Microwave Photonic Interrogation of a High-Speed and High-Resolution Multipoint Refractive Index Sensor

Abstract

Microwave photonic interrogation of a high-speed and high-resolution multipoint refractive index (RI) sensor based on an Au-coated tilted fiber grating (Au-TFBG) array is proposed and experimentally demonstrated. Due to the surface plasmon resonance (SPR), the optical spectrum of an Au-TFBG has a dip in the spectral envelope. When an Au-TFBG is immersed in a solution and the RI of the solution changes, the location of the dip will shift, reflecting the change of the RI. For multipoint sensing, an Au-TFBG array with the array elements located at different locations is employed.
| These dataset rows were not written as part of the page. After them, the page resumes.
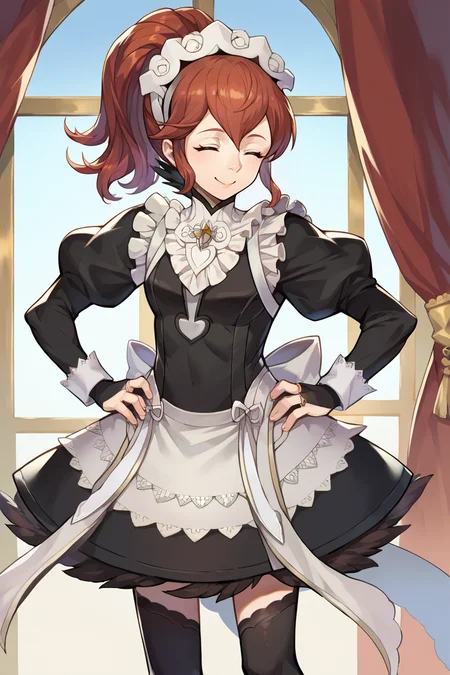 score_9, score_8_up, score_7_up, score_6_up, source_anime BREAK 1girl, solo, <lora:feanna-pdxl-nvwls-v1-000005:1> <lora:feh-style-richy-v1_pdxl:1> fatesanna, red hair, ponytail, <lora:fatesmaid-fe-richy-v1_pdxl:1> fates maid, maid headdress, maid apron, bridal gauntlets, black thighhighs, bedroom, closed eyes, happy, smile, hands on hips, standing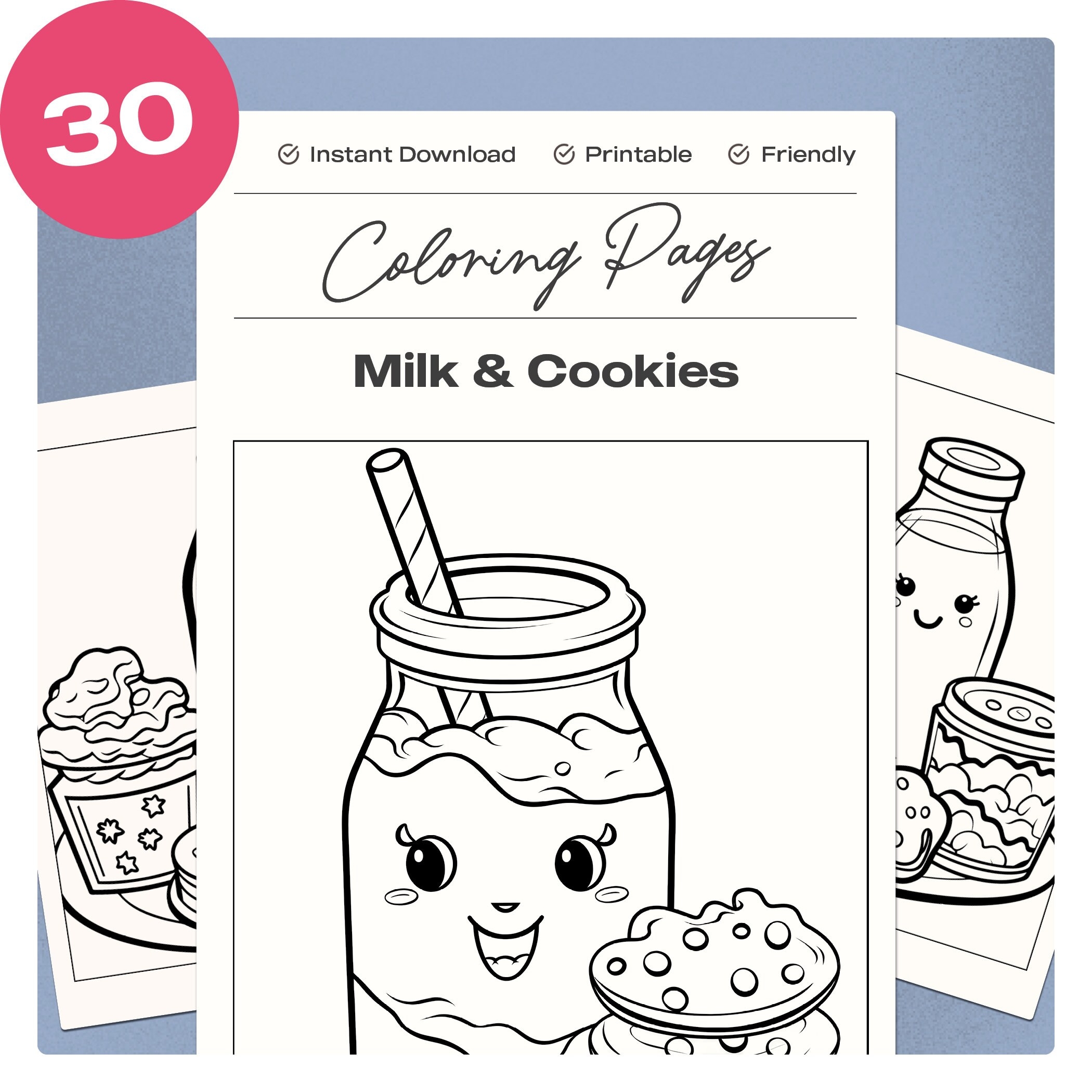 Milk And Cookies Fun Coloring Page Fun Desserts Kids Treats Sweet Snacks Chocolate Chip Yummy Designs Crunchy Biscuit Coloring Book Etsy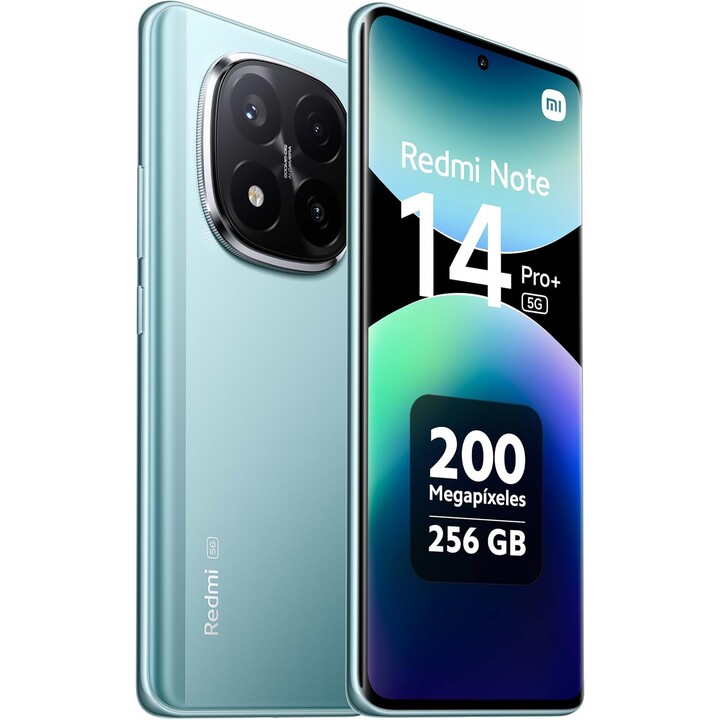 Xiaomi Redmi Note 14 Pro Plus 5G, 8+256GB, Cámara AI de 200MP, HyperCharge de 120W, Funciones AI, Azul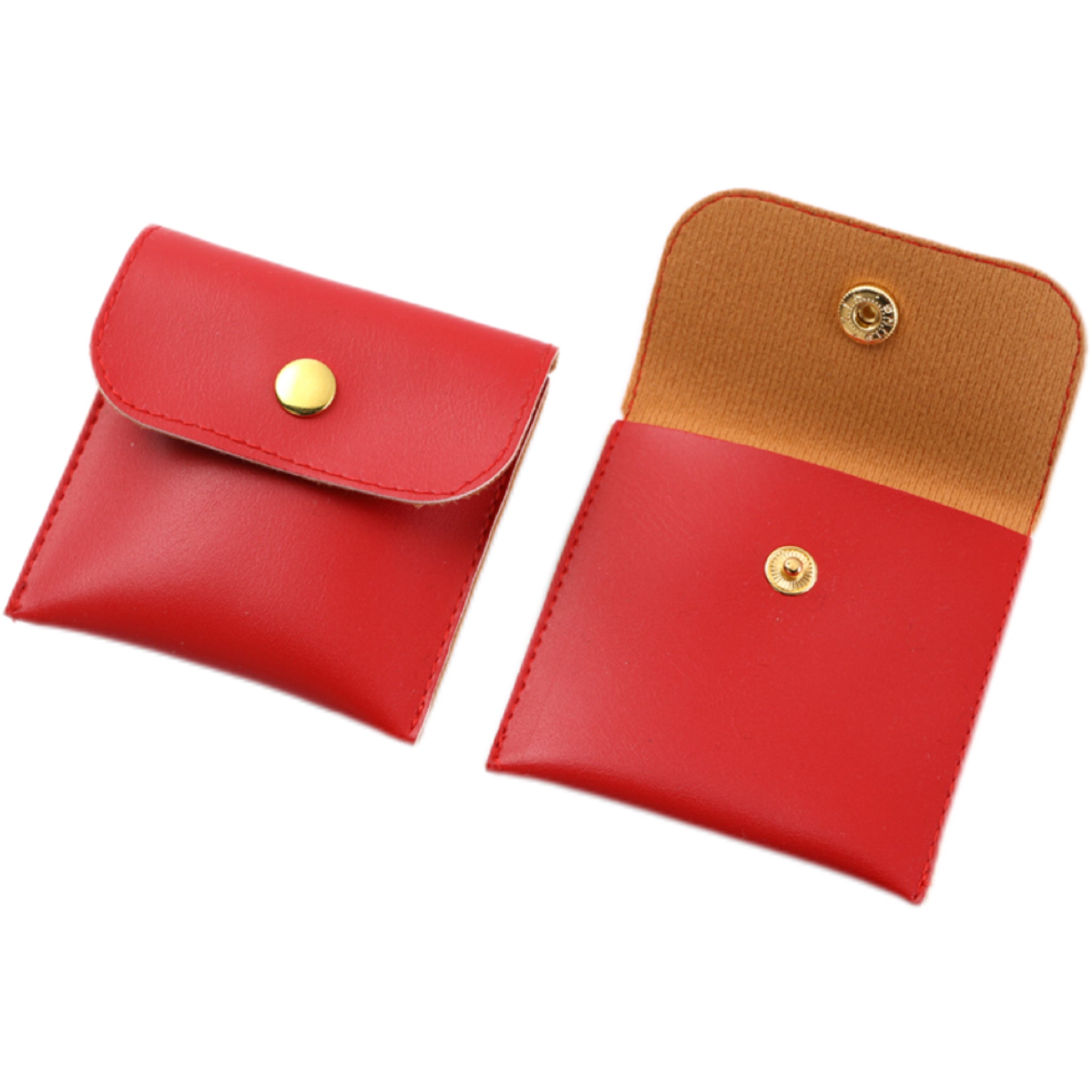 PU Leather Snap Button Jewelry Storage Pouch
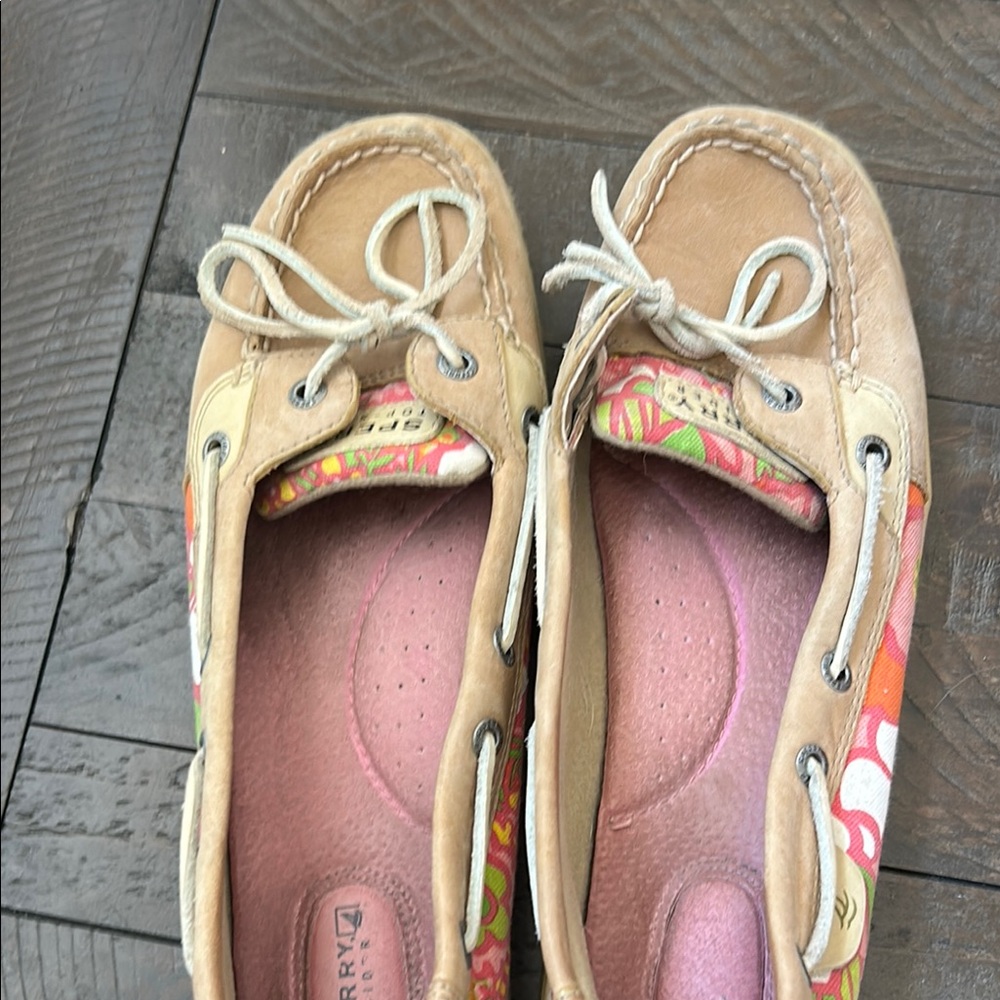 Sperry Angelfish Tan and Pink Loafers with Floral Accents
However, due to the overlap of the spectra of the Au-TFBGs in the array, the dips cannot be precisely located by optical spectrum measurement. A solution is to convert the spectra to the time domain based on spectral shaping and wavelength-to-time (SS-WTT) mapping with the mapped temporal waveforms separated by different time delays. By using a digital signal processor (DSP), the sensing information can be extracted at a high speed and high resolution. The proposed approach is evaluated experimentally. Experimental results show that the sensor has high RI accuracies of 3.1×10^−5, 2.5×10^−5 and 2.6×10^−5 refractive index unit (RIU) and a fast sensing speed of 11.75 kHz.